Execution#

PYSTILT supports three execution backends. All three share the same output project model — the same config, the same output layout, and the same CLI commands. The backend controls only how work gets dispatched to workers.

Backends#

Dispatch models#

Push dispatch (local, slurm)

The coordinator enumerates pending simulation IDs and sends work directly to workers — either inline in the current process or by writing chunk files for a Slurm array.

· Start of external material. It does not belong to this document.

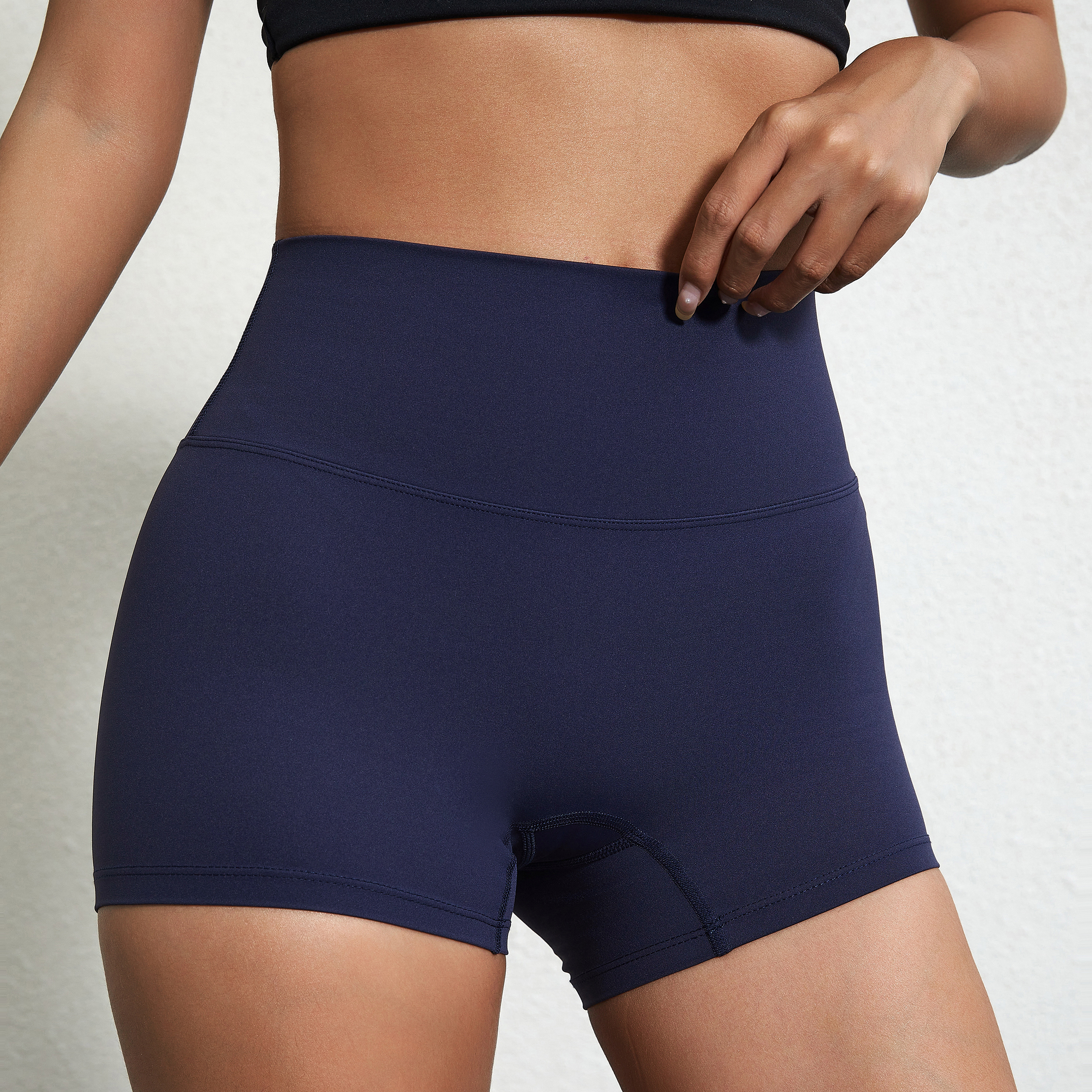 Sexy Solid Color High Waist Yo - Compression Shorts Athletes 리뷰 및 가격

Pull dispatch (kubernetes)

Workers independently claim pending simulations from a shared output index backend. The coordinator registers work and returns; pods drain the queue autonomously.

Choosing a backend#

local

Default. Best for notebooks, workstation runs, and small receptor sets. Runs inline with n_workers: 1 or uses a local process pool. No infrastructure required.

slurm

Best for large receptor sets on HPC clusters with shared filesystems. Writes immutable chunk files and submits a Slurm array job whose tasks each call stilt push-worker. Project and output roots must be local or shared-filesystem paths.

kubernetes

For cloud-native or container-scale deployments backed by a PostgreSQL index and object-store outputs. Requires more infrastructure than the other two backends.

Note

The Kubernetes backend is not yet fully implemented. See Kubernetes for the current status.

CLI primitives#

These commands surface the executor model regardless of backend:

stilt run

Register pending simulations and launch workers using the configured executor. For local, blocks until done. For slurm, submits the array and returns (fire-and-forget); use --wait to block.

stilt register

Publish project inputs and register simulations without launching any workers. Useful for separating the planning step from execution.

stilt push-worker

Execute one immutable chunk of simulation IDs without queue polling or heartbeats. Used by Slurm task array elements.

stilt pull-worker

Claim and execute pending simulations from the output index. Used by Kubernetes pods and long-lived local workers.

stilt serve

Like pull-worker --follow: keeps polling indefinitely for new claimable work. Use for always-on queue consumers.

Simulation state and delivery guarantees#

These semantics apply across all backends.

Area

Current behavior

Delivery guarantee

At-least-once processing. A simulation can be retried after interruption or failure.

Trajectory status

pending running complete or failed.

Footprint status

complete, complete-empty, or failed per footprint name.

Empty footprint

Treated as terminal success (complete-empty), not failure. No NetCDF file is written or expected for empty footprints.

Reruns

skip_existing=True avoids rework for already complete outputs. skip_existing=False forces a full rerun regardless of prior state.